EXTRACTED RECORDS »
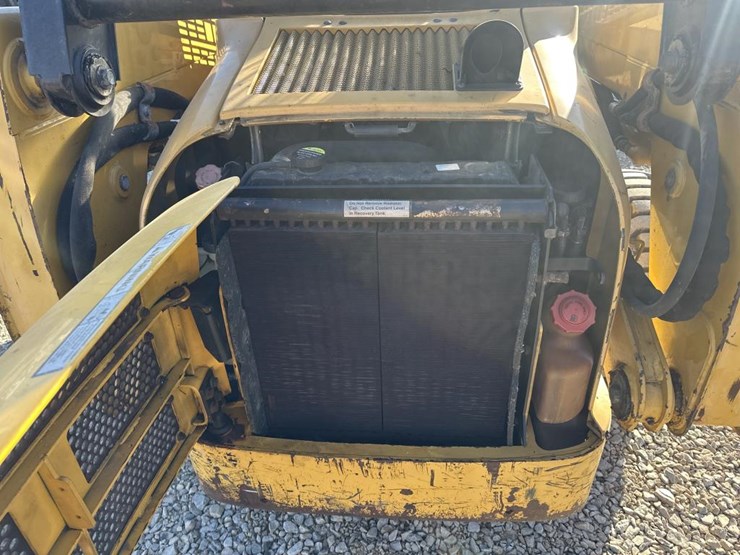 john-deere-240-image-24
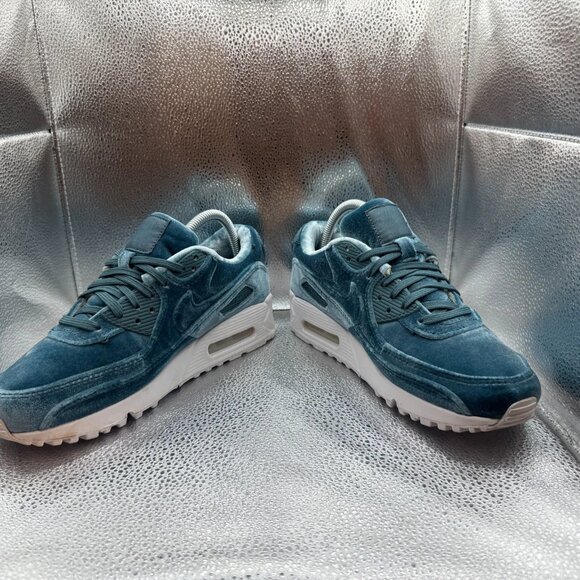 Size 8 Nike Air Max 90 Lucky Charm Womens Ash Green Athletic Sneaker DO2194-001 - Picture 6 of 11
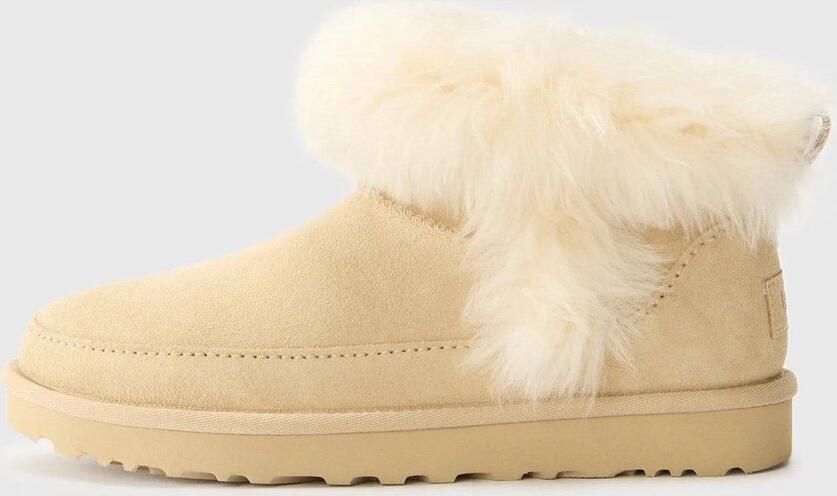 UGG Winterlaarzen Classic Ultra Mini Chalet Enkellaarsjes instaplaarzen met modieuze schapenvacht versiering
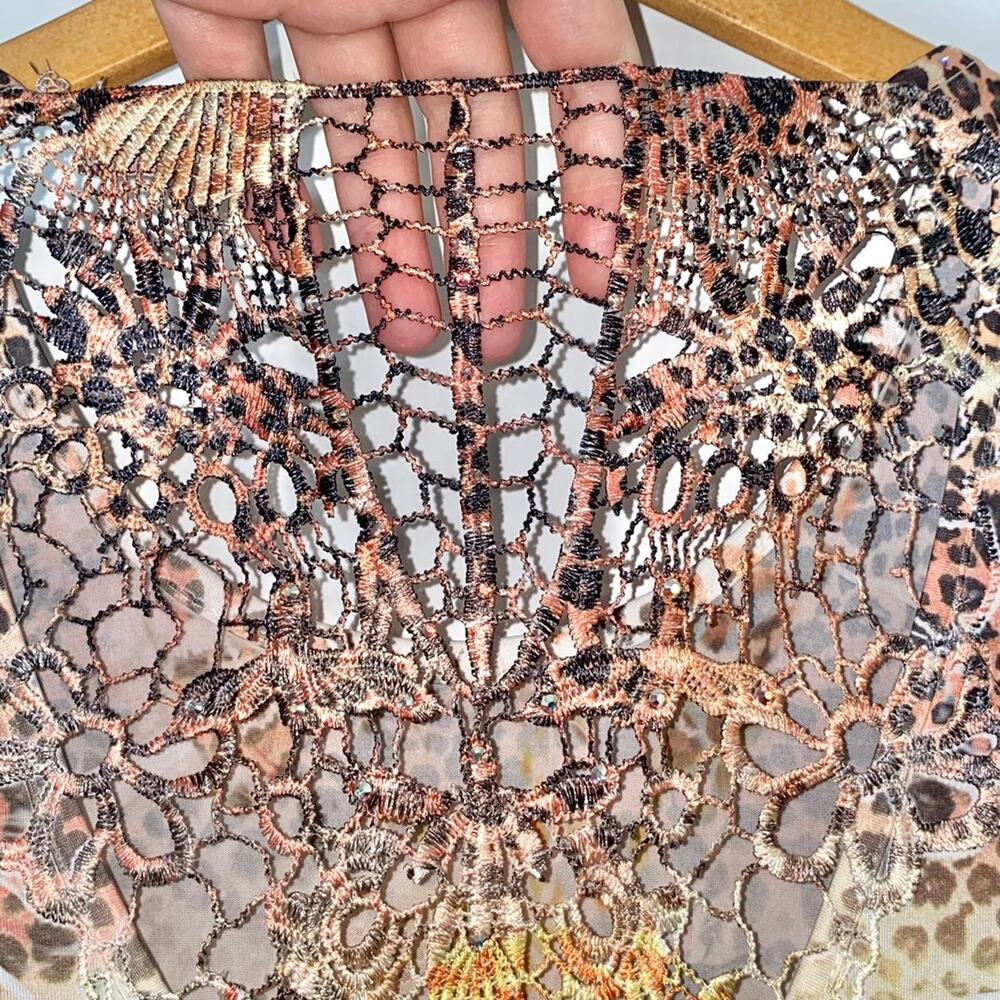 S VTG Y2k Sue Who Sublimation Embellished Studded Crochet Back Butterfly Tee - Picture 12 of 13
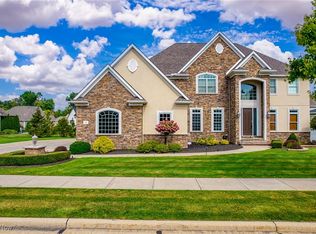 343 Glasgow Dr, Highland Heights, OH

ASSIGNMENT »
Pictures excluded, repeat the material above from its first line through the line containing "UGG Winterlaarzen Classic", both included.

EXERCISE RESPONSE »
 john-deere-240-image-24
 Size 8 Nike Air Max 90 Lucky Charm Womens Ash Green Athletic Sneaker DO2194-001 - Picture 6 of 11
 UGG Winterlaarzen Classic Ultra Mini Chalet Enkellaarsjes instaplaarzen met modieuze schapenvacht versiering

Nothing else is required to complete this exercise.